1.の重み付き和を計算する部分は、パーセプトロンと同じである。 バイアス(bias)は、各ノードにおいて、入力信号に対して計算された重み付き和に各ノード固有の定数を加えることに対応している。

実際には、ノードや層が複数定義されているため、より正確に式で書くと以下のようになる: 第\(l\)層の\(k\)番目のノードに着目した際の出力を\(z_k^{(l)}\)と表記することにすると、

\[\begin{split} \begin{aligned} u_k^{(l)} & = \sum_{i=1}^{n_{l-1}} w_{ki}^{(l)}z_i^{(l-1)} + b_k^{(l)}\\ z_k^{(l)} & = g(u_k^{(l)}) \end{aligned} \end{split}\]

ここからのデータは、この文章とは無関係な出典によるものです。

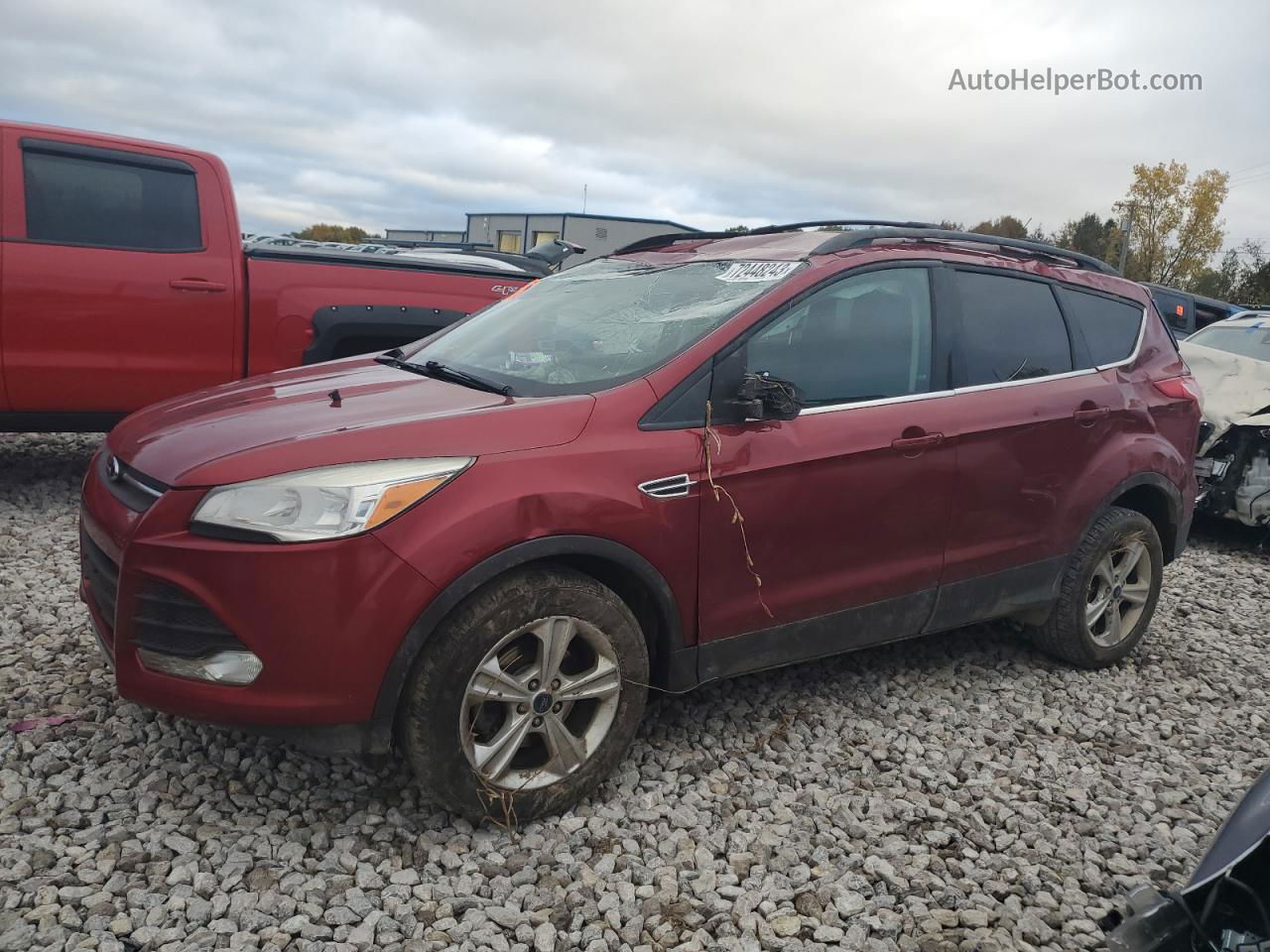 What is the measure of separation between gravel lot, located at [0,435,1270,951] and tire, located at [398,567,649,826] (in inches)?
6.3

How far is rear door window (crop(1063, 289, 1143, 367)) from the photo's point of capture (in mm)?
4160

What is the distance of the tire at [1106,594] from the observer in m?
4.14

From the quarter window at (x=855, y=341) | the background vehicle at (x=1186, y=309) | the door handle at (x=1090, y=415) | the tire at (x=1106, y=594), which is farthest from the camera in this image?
the background vehicle at (x=1186, y=309)

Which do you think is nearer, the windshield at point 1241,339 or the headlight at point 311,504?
the headlight at point 311,504

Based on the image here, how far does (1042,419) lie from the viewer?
3830mm

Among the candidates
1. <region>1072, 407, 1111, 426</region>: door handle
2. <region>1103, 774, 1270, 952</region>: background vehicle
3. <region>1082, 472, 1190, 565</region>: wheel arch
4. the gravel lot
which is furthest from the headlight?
<region>1082, 472, 1190, 565</region>: wheel arch

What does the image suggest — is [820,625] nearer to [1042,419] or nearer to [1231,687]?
[1042,419]

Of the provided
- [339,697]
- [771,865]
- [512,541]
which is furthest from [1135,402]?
[339,697]

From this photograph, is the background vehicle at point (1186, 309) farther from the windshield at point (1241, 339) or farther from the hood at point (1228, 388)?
the hood at point (1228, 388)

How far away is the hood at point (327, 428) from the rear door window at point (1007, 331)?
1700mm

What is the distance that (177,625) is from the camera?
2.50 meters

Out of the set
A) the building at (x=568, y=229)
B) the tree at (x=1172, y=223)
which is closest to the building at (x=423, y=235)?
the building at (x=568, y=229)

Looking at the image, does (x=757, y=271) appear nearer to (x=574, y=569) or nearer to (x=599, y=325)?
(x=599, y=325)

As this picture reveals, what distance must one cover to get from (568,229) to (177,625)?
39580mm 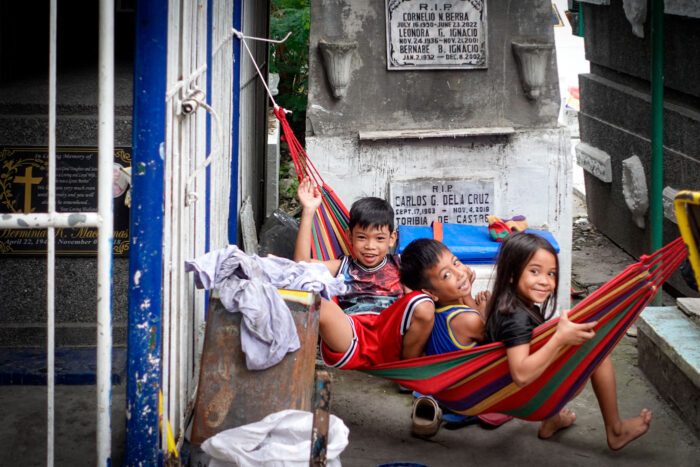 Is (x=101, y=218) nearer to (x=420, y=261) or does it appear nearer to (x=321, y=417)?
(x=321, y=417)

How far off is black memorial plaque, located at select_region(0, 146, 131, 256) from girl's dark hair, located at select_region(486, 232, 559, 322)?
178 centimetres

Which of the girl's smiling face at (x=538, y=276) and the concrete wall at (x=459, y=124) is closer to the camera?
the girl's smiling face at (x=538, y=276)

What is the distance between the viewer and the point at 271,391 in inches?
111

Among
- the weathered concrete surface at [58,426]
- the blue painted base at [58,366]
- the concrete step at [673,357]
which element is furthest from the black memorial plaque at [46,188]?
the concrete step at [673,357]

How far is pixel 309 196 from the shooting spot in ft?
13.6

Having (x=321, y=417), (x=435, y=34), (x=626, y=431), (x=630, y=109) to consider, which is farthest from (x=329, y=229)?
(x=630, y=109)

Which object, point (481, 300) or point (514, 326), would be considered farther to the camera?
point (481, 300)

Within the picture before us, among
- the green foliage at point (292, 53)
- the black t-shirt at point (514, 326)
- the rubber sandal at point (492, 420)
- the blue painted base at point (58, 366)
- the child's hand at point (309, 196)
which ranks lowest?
the rubber sandal at point (492, 420)

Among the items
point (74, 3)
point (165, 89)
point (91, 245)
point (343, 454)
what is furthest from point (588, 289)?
point (165, 89)

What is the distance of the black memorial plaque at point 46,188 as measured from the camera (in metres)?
3.87

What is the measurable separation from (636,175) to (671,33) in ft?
3.42

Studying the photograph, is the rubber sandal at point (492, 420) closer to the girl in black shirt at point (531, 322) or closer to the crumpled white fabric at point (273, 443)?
the girl in black shirt at point (531, 322)

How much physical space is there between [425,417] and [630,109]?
366 centimetres

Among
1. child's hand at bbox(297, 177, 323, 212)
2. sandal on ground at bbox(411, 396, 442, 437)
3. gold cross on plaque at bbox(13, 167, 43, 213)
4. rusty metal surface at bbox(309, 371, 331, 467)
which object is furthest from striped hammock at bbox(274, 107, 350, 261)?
rusty metal surface at bbox(309, 371, 331, 467) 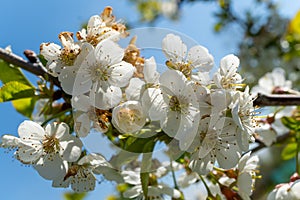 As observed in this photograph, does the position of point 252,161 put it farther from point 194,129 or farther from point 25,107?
point 25,107

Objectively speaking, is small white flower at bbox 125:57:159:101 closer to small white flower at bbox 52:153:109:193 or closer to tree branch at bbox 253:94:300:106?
small white flower at bbox 52:153:109:193

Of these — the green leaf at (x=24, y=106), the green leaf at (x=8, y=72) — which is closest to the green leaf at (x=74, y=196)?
the green leaf at (x=24, y=106)

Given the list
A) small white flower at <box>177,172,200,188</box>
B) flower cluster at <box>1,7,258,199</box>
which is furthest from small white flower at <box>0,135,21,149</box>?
small white flower at <box>177,172,200,188</box>

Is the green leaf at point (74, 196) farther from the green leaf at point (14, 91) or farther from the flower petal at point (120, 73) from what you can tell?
the flower petal at point (120, 73)

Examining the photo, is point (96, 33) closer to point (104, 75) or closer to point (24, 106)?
point (104, 75)

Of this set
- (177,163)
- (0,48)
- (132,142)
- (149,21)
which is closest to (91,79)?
(132,142)

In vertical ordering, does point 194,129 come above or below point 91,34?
below
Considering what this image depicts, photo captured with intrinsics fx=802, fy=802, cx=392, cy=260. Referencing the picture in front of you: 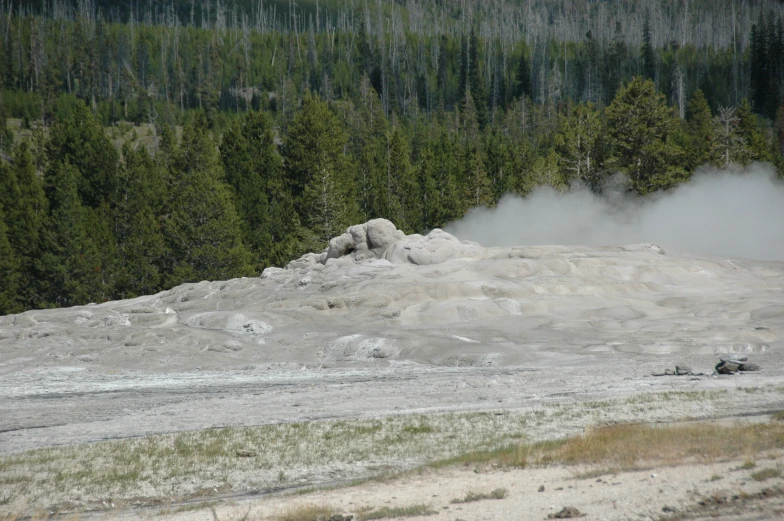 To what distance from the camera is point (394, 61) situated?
569 feet

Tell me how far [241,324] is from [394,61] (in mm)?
143336

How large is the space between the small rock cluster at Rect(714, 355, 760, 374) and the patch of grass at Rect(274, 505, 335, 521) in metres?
16.8

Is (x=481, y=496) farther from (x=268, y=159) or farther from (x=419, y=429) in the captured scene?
(x=268, y=159)

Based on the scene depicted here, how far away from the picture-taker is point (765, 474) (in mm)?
11883

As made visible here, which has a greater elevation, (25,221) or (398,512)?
(25,221)

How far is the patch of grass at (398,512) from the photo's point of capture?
11.7m

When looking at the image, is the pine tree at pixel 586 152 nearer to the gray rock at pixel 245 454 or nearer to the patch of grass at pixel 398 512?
the gray rock at pixel 245 454

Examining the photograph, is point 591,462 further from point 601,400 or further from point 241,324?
point 241,324

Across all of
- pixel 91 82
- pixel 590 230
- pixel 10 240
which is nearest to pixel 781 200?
pixel 590 230

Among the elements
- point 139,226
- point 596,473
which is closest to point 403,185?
point 139,226

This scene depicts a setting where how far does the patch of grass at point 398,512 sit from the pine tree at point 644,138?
235 feet

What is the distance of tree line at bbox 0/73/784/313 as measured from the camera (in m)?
62.8

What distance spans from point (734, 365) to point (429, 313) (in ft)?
55.9

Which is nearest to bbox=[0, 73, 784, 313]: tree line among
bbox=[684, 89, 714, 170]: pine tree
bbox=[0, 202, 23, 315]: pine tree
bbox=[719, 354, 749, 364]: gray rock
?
bbox=[0, 202, 23, 315]: pine tree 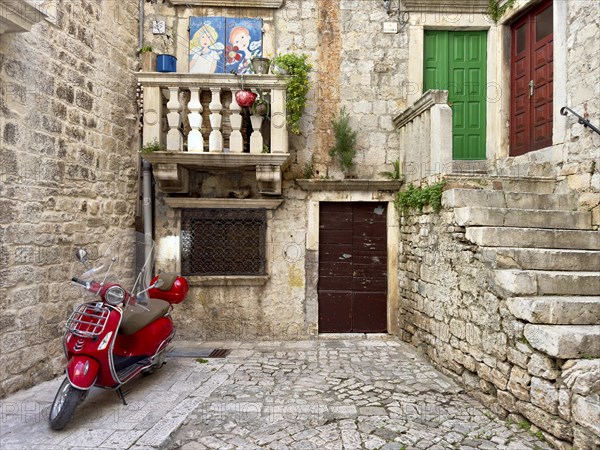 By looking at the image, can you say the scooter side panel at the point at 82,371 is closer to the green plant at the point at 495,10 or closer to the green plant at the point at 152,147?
the green plant at the point at 152,147

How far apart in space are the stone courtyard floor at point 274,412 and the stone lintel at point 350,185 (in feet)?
8.36

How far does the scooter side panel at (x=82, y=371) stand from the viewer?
2896 mm

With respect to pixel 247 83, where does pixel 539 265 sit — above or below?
below

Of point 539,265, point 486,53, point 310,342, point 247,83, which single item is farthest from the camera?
point 486,53

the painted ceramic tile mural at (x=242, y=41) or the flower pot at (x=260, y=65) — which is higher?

と書くことができる。 単一のノードに着目するのではなく、単一の層に着目する表記に直すには \(l\)層のノードの数\(n_{l}\)を用いて、各ノードの出力をベクトルの成分、重みを行列の成分として表記するとよい:

\[\begin{split} \begin{aligned} \boldsymbol{u}^{(l)} &= \boldsymbol{W}^{(l)}\boldsymbol{z}^{(l-1)} + \boldsymbol{b}^{(l)}\\ \boldsymbol{z}^{(l)} &= g(\boldsymbol{u}^{(l)}) \end{aligned} \end{split}\]

それぞれの重み \(W^{(l)}\) は、ノードへの入力の次元(= \(n_{l-1}\))×ノードからの出力の次元(= \(n_{l}\))を持つ行列である。 各ノードで行なう \(Wz + b\) の計算は、線形変換と平行移動に相当する演算で、より一般にはAffine変換と呼ばれる。このことから、全結合ニューラルネットワークのことをAffine Layerなどと呼ぶこともある。

2.の操作に現れた活性化関数については、後で詳しく述べるが、 入力の重み付き和(+バイアス)に対して、非線形な関数を適用することで、 より複雑な関数を表現することができるようになる。 パーセプトロンは、この活性化関数が単純なステップ関数である場合に相当する。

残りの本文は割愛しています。